Japan Said to Have Bought 10.3 Percent of ESM Bonds in January

Japan purchased 10.3 percent of bonds issued by the European Stability Mechanism last month, a step which may help to deflect overseas criticism of the country’s monetary easing.


The Japanese government bought 400 million euros ($545 million) of the European rescue fund’s debt auctioned in January, a finance ministry official who asked not to be named due to the ministry’s policy said today.

Japan may point to its efforts to aid Europe to try to deflect complaints from officials in that region about measures to drive down the yen.

The currency has fallen more than 17 percent against the euro in three months as Prime Minister Shinzo Abe calls for unlimited monetary easing to end more than a decade of deflation.

“Japan’s purchase of ESM bonds can help quiet overseas criticism on the policy of weakening the yen,” said Takahiro Sekido, a strategist in Tokyo at Bank of Tokyo-Mitsubishi UFJ Ltd. who formerly worked at the Bank of Japan. (8301)

Countries know Japan’s debt purchases contribute to global financial stability and they probably won’t single out Japan for criticism at the Group of Twenty meeting in Moscow this month, Sekido said.

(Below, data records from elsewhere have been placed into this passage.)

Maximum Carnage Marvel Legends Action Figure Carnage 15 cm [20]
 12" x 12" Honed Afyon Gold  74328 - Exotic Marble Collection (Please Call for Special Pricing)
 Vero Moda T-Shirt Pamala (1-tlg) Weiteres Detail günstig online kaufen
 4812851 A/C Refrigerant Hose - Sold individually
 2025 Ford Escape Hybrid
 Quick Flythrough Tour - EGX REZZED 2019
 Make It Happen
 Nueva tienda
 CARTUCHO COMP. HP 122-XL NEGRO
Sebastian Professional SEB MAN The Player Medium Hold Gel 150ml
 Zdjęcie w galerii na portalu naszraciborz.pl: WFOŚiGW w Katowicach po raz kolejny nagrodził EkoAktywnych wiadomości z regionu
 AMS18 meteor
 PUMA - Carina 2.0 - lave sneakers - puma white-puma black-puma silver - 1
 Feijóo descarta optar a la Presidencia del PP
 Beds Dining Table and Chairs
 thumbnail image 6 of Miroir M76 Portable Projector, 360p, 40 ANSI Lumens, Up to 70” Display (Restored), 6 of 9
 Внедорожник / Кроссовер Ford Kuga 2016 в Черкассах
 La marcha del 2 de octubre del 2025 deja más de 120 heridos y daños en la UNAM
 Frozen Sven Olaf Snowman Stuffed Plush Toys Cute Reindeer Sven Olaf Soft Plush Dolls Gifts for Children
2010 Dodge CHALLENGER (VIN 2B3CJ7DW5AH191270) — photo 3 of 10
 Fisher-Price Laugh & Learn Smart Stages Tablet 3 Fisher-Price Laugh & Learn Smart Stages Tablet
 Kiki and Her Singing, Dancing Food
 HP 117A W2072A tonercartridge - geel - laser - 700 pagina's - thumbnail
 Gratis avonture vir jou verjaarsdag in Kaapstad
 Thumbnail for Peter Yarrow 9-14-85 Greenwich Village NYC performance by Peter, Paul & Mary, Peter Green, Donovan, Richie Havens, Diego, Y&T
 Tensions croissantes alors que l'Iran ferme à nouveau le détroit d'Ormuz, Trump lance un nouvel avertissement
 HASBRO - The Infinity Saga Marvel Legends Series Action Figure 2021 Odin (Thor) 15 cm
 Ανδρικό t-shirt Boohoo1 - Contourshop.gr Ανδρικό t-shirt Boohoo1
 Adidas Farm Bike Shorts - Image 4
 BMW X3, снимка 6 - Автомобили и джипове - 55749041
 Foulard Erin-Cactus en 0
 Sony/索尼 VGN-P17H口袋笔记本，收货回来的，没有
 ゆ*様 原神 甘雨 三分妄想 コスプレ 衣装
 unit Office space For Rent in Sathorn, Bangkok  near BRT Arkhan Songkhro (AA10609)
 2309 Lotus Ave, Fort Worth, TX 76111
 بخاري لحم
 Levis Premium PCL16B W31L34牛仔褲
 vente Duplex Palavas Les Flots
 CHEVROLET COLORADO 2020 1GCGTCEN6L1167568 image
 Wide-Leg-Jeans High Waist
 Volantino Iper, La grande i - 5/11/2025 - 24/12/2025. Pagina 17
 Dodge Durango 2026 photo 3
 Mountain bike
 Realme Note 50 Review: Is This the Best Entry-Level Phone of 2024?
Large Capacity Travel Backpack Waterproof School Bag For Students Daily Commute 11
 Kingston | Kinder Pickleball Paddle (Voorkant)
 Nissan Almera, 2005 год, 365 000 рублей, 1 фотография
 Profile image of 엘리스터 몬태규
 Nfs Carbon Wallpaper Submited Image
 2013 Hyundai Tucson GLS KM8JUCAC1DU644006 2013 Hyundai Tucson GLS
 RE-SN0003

The yen slid 1 percent to 125.79 per euro, the least since April 2010, before trading at 125.56 at 4:51 p.m. in Tokyo.

It sank 0.6 percent to 92.15 per dollar after earlier touching 92.30, the weakest since June 2010. The ESM was inaugurated in October 2012 and will run in parallel with the European Financial Stability Facility, the temporary rescue program formed in 2010 to provide loans to European Union countries.

Japan had purchased about 7 billion euros of EFSF bonds, or 6.7 percent of total issuance, by the end of 2012, according to the Finance Ministry.

Push Back

Japanese officials have pushed back at criticism of the nation’s monetary policy, with Deputy Economy Minister Yasutoshi Nishimura asking for Japan’s policies to be evaluated overall. “Europe is in no position to criticize Japan,” Nishimura, 50, said in an interview on Jan. 24.

“Europe has brought about a prolonged weakness of the euro as a result of their own policies, while Japan has supported Europe through purchases of bonds.”

In the U.S., Federal Reserve Bank of St. Louis President James Bullard said Jan. 10 that he’s “a little disturbed” by Japan’s stance and the risk of “beggar-thy-neighbor” policies. U.S. automakers have said an undervalued yen distorts trade and stunts job growth for American manufacturers.

European Central Bank governing council member Jens Weidmann last month warned against “politicizing” the yen exchange rate. Michael Meister, the parliamentary finance spokesman for German Chancellor Angela Merkel’s party, said that Japan risks retaliatory action by G-20 nations.